## Exercise
Write down the lines exactly as they appear, from the one that contains "Two Dolpins off the coast of Hermanus photo" through the final line of the records, so that both ends are kept and no pictures come along.

[Opening Material for this task section]

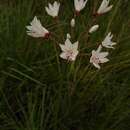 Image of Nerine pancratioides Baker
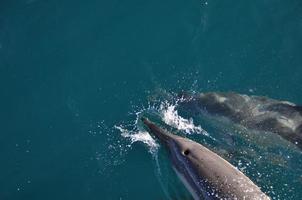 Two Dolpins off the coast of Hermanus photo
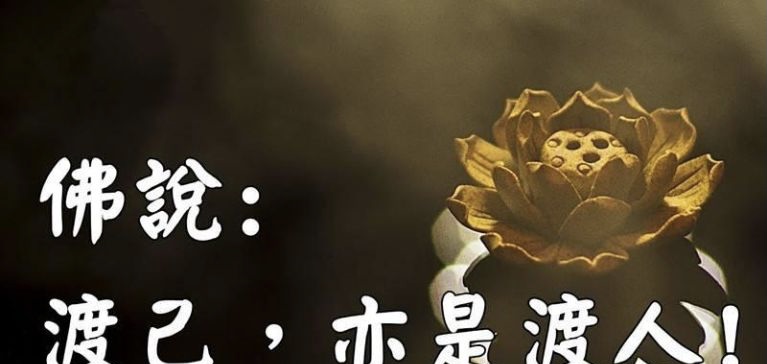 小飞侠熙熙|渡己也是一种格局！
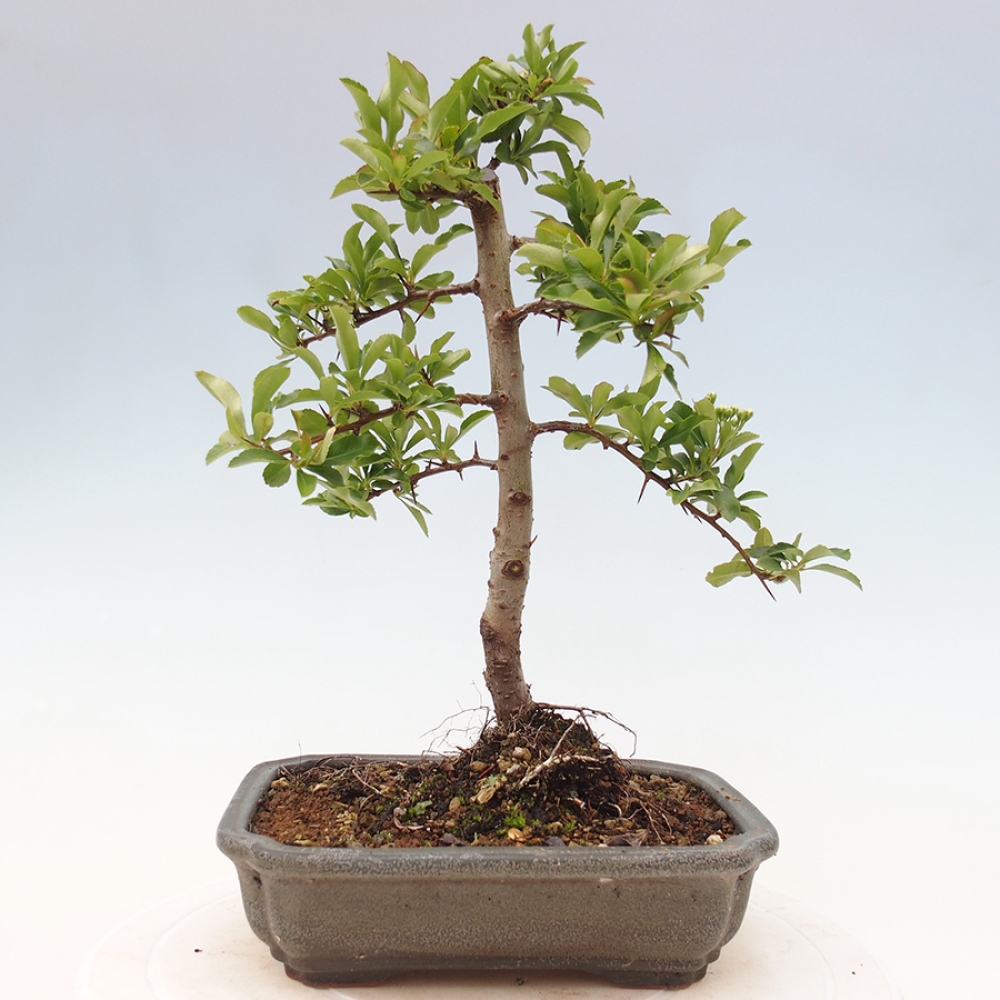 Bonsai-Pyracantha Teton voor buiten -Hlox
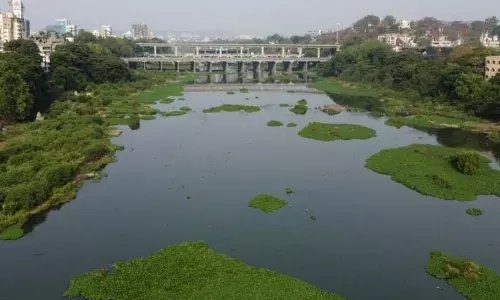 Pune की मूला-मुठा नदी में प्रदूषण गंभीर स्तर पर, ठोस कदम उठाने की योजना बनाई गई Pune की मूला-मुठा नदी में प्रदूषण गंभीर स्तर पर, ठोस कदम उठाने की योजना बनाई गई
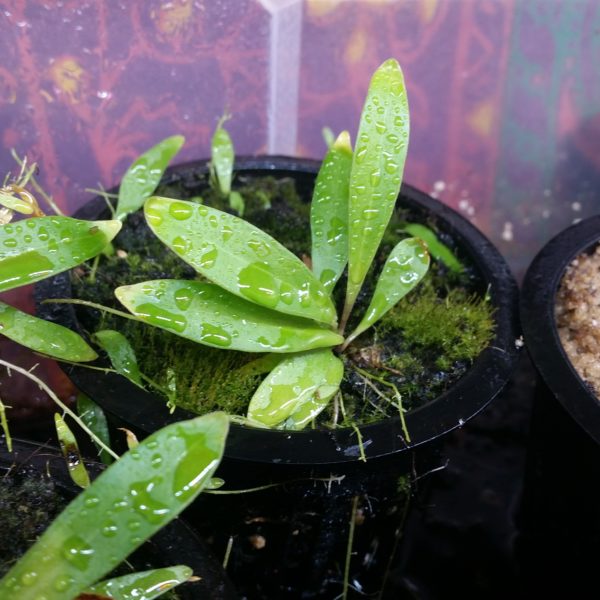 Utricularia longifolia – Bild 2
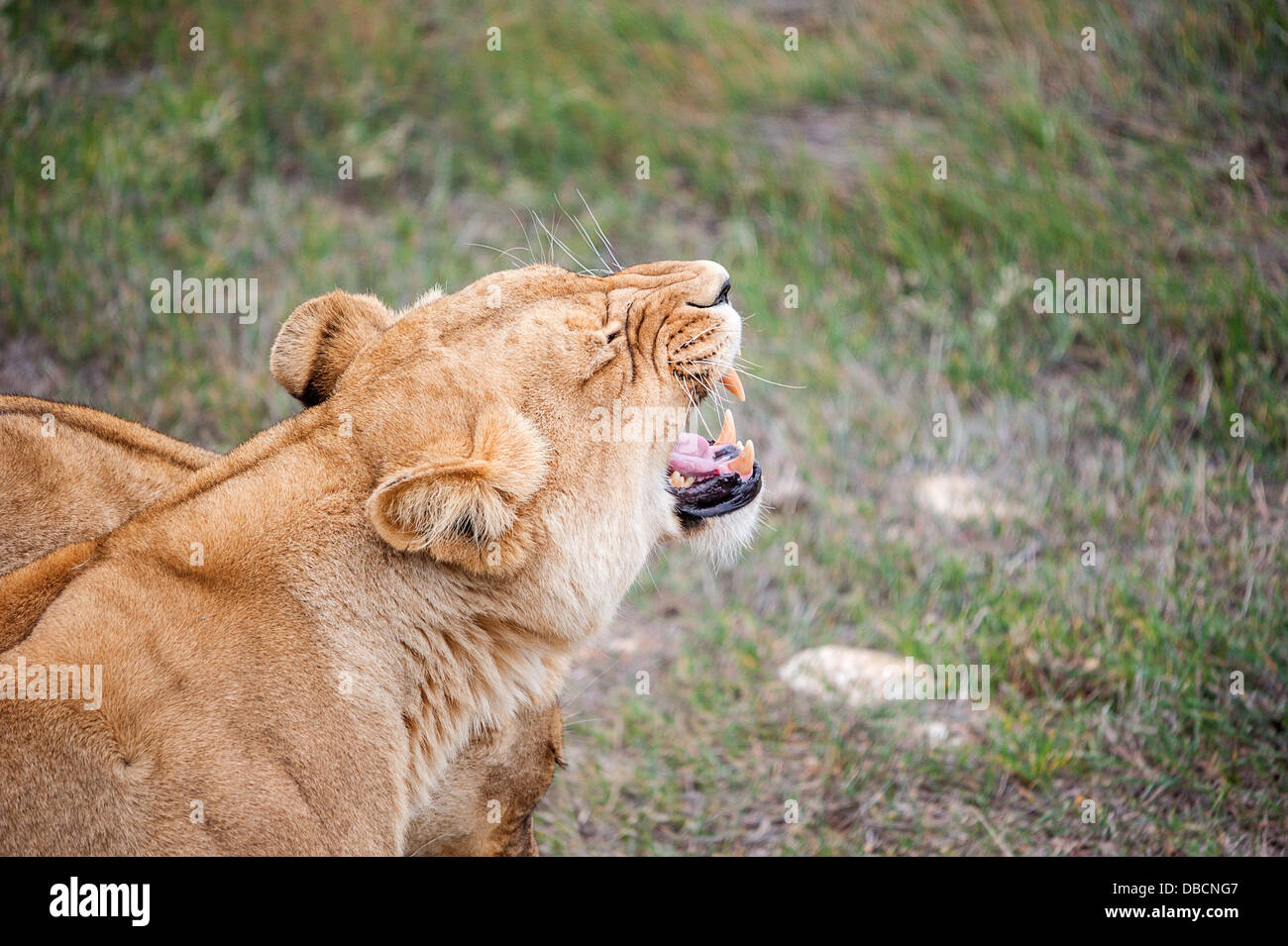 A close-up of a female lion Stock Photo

[Closing Material for this task section]

## Answer section
 Two Dolpins off the coast of Hermanus photo
 小飞侠熙熙|渡己也是一种格局！
 Bonsai-Pyracantha Teton voor buiten -Hlox
 Pune की मूला-मुठा नदी में प्रदूषण गंभीर स्तर पर, ठोस कदम उठाने की योजना बनाई गई Pune की मूला-मुठा नदी में प्रदूषण गंभीर स्तर पर, ठोस कदम उठाने की योजना बनाई गई
 Utricularia longifolia – Bild 2
 A close-up of a female lion Stock Photo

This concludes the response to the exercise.